**EXERCISE DATA**
══════════

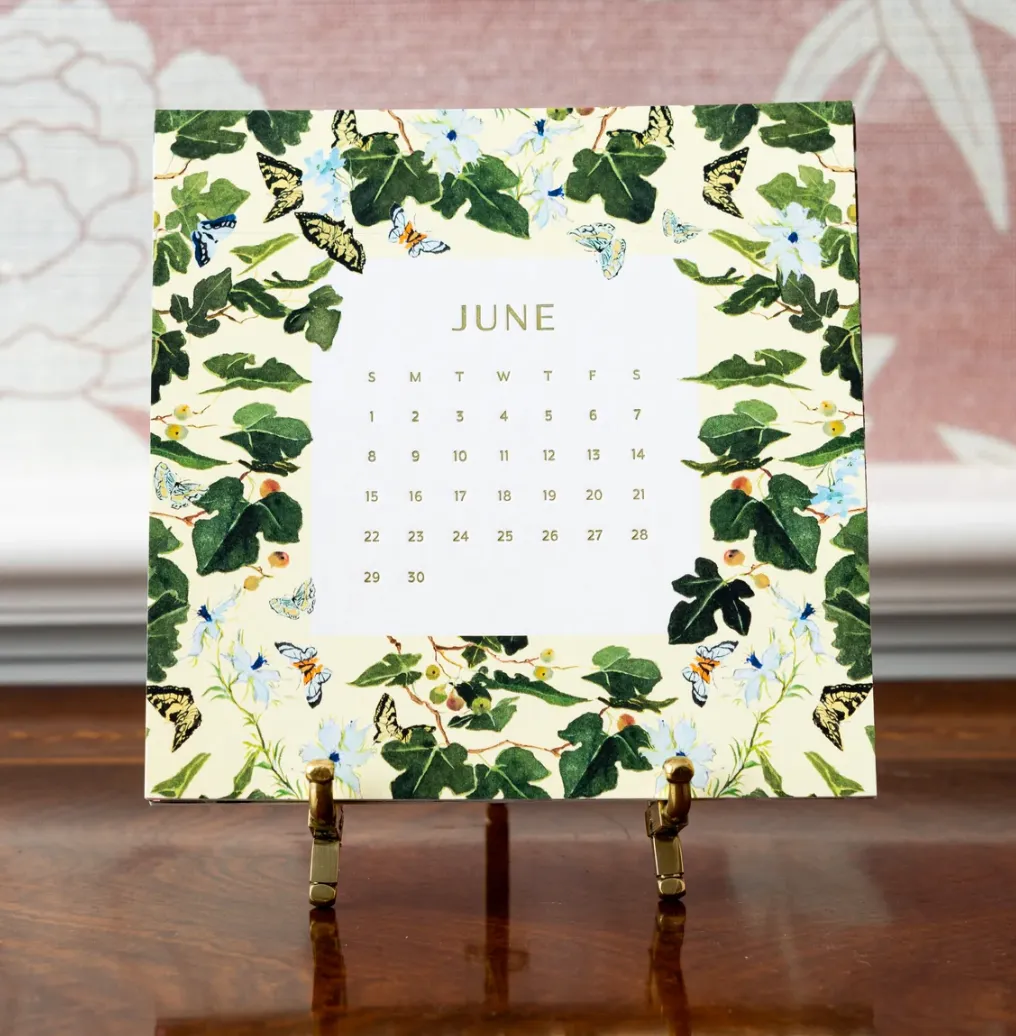 2025 Calendar in ThePearl Box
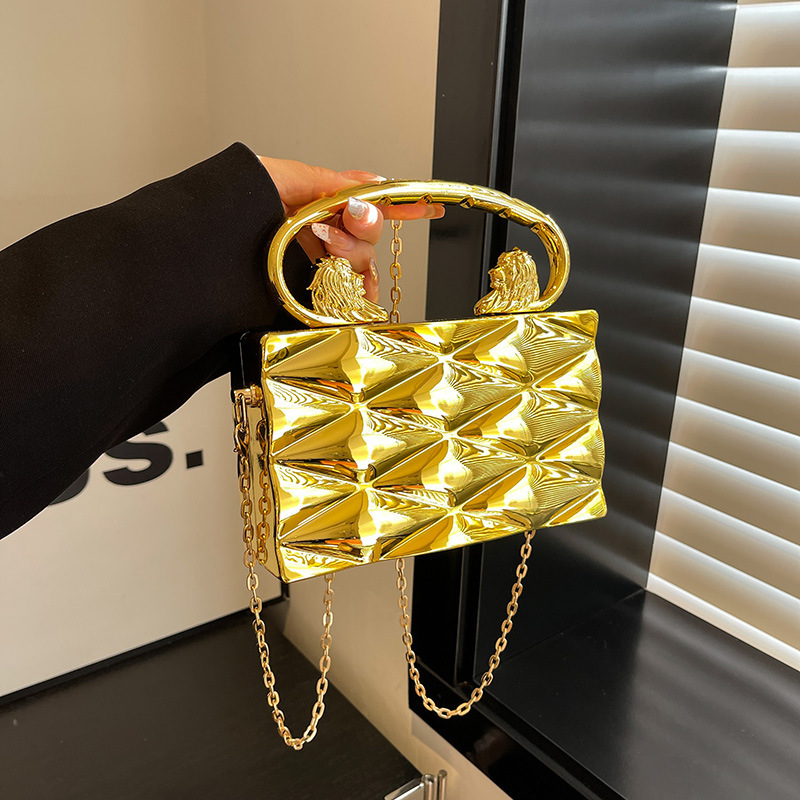 South Korea purchasing niche designer brand handmade fashion silver vintage box bag chain messenger bag creative bag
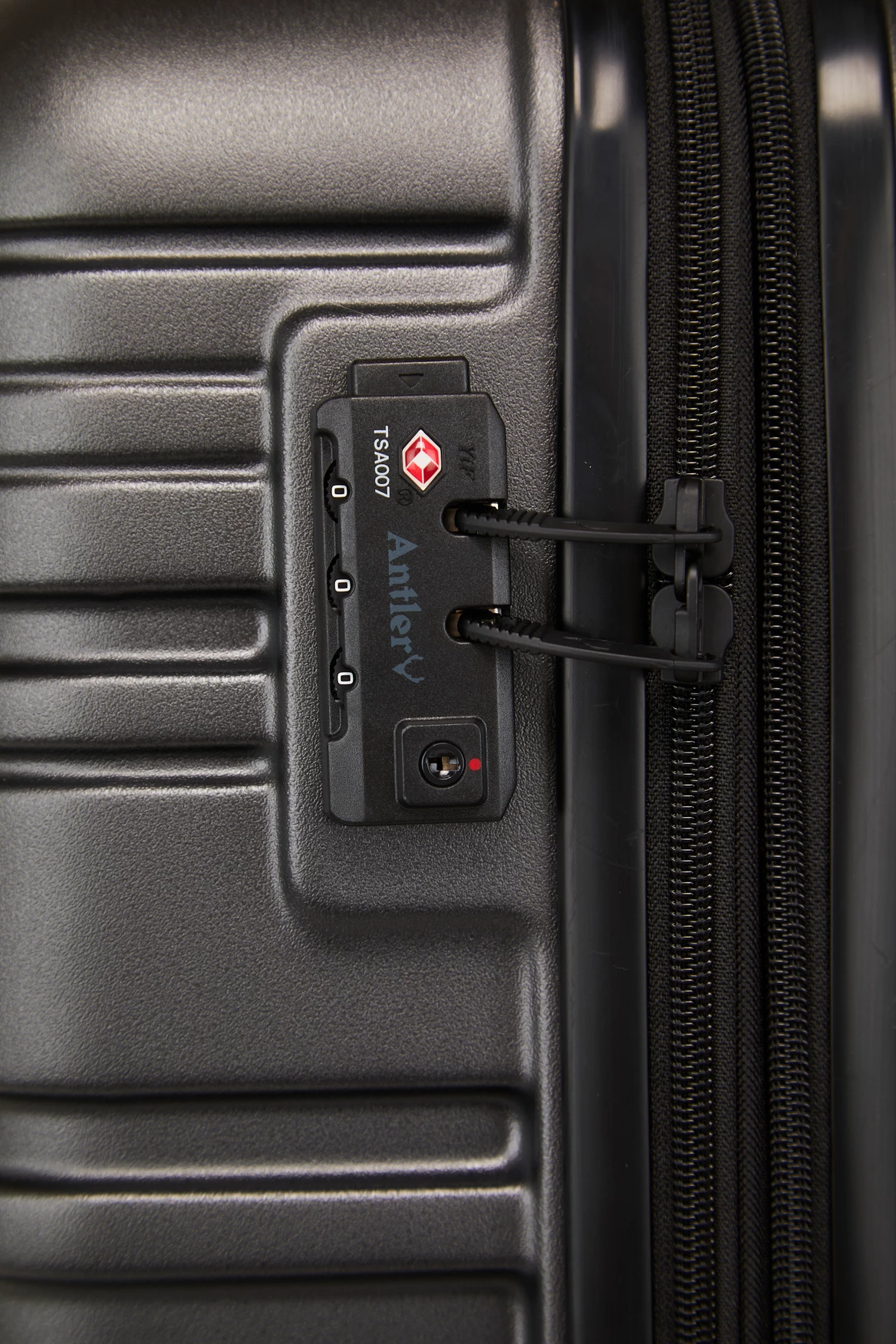 Antler Holcombe 68cm Suitcase 7 Antler Holcombe 68cm Suitcase - Image 7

══════════

**THE TASK**
Transcribe the data exactly and leave no picture in the copy.

**ANSWER TO THE EXERCISE**
 2025 Calendar in ThePearl Box
 South Korea purchasing niche designer brand handmade fashion silver vintage box bag chain messenger bag creative bag
 Antler Holcombe 68cm Suitcase 7 Antler Holcombe 68cm Suitcase - Image 7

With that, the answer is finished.